Multi-agent Reinforcement Learning using PettingZoo: Tic-tac-toe example part II

Gertjan Verhoeven

March 2021

Having learned the basics of PettingZoo, and how to use hashing with defaultdict to build up a Q-table, we are ready to implement Q-learning on the tic-tac-toe environment using PettingZoo. Before we get into the coding part, first some general remarks about Q-learning in a two-player alternating turn game.

Training multi-agent games using single agent techniques

Here we will train a multi-agent game using single agent Q-learning. This means that from the perspective of each player, the other player is part of the environment. It follows that the learned strategy of the first player is tuned to the strategy used by the second player. The second player's strategy can be thought of forming a part of the environment the first player learns to perform optimally in.

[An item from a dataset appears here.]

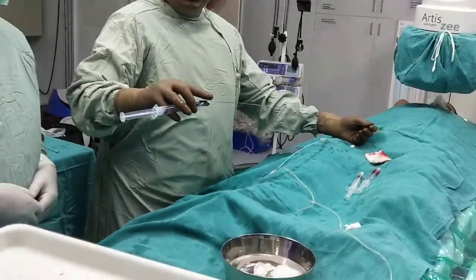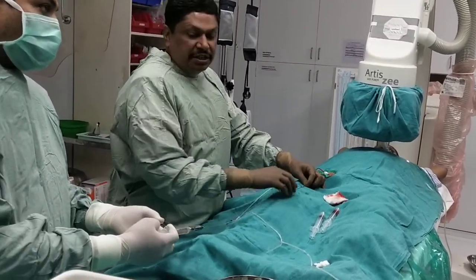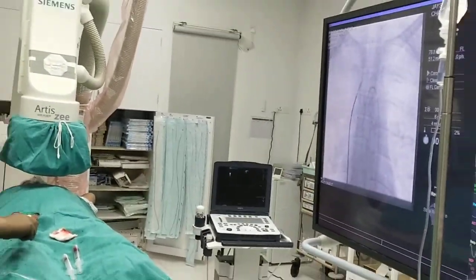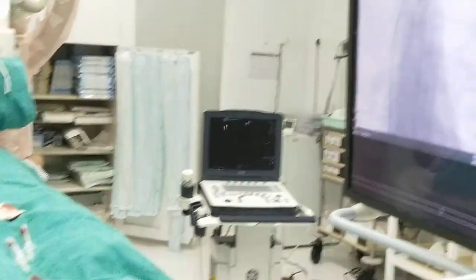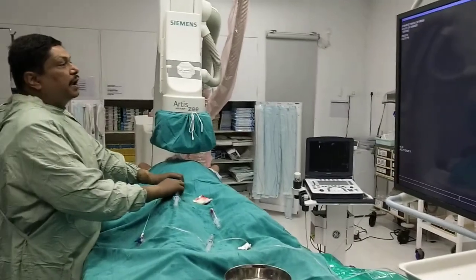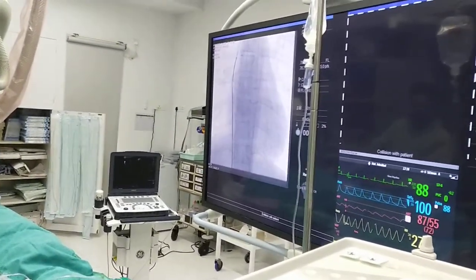We will position the arrow in the three o'clock position. The transseptal needle has to go in the three o'clock position inside the SVC, about two fingers away from the Mullins sheath — that should be the aim, roughly one and a half to two fingers away from the Mullins. We attach dye to the transseptal needle so it will be visible. Now we will descend down into the right atrium.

Therefore, if we use Q-learning against a player that uses a random strategy, The Q-learner optimizes for play in an evironment that contains a player that uses a random strategy.

Here, we let both players learn using Q-learning with constant learning parameter $\alpha = 0.6$, and have them use the same decreasing $\epsilon$ exploration rate. So both players start off playing randomly ($\epsilon = 1$), and after 200.000 steps end up exploiting the learned policy for 97.5% of the time.

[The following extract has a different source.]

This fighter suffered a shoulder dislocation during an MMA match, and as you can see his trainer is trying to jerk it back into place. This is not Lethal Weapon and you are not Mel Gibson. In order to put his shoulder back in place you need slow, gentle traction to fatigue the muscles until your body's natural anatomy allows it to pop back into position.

We expect that this produces Q-tables for both players that perform well against random players and human players.

Q-learning with two players: remembering previous states and actions

Many implementations of Q-learning for Tic-Tac-Toe play out a full game and memorize the sequence of states for both players. After a single game has ended, the "Q-learning" part is done in one go, starting from the end state en propagating back to the beginning.

This is possible for Tic-Tac-Toe because no state is ever visited twice during a single game. However, this is not true for all games, so I think it is better to implement Q-learning in a more general way, where we learn each time the player "steps" through the game.

In single agent RL using Gym, we start in a state, make a move, end up in a new state, and collect our reward. This allowed us to use variables like current_state and next_state within a single RL iteration for the Q-learning.

In multi-agent (two player alternating turn, to be more precise), an agent observes a state, chooses an action, THEN hands over the turn, where the other agent observes the state, and chooses an action, then control returns to the first agent, which sees the result of its previous action, and finds itself in a new state.

Thus, we need a way to store the previous state and previous action for each player to use Q-learning. We store these values in two simple dictionaries:

In [7]:
prev_state = {'player_1': -1,
              'player_2': -1}
prev_action = {'player_1': -1,
              'player_2': -1}

I went for two independent Q-tables, and player 1 always starts first (This is how the environment works). So we will end up with two Q-tables, one for the player going first, and one for the player going second.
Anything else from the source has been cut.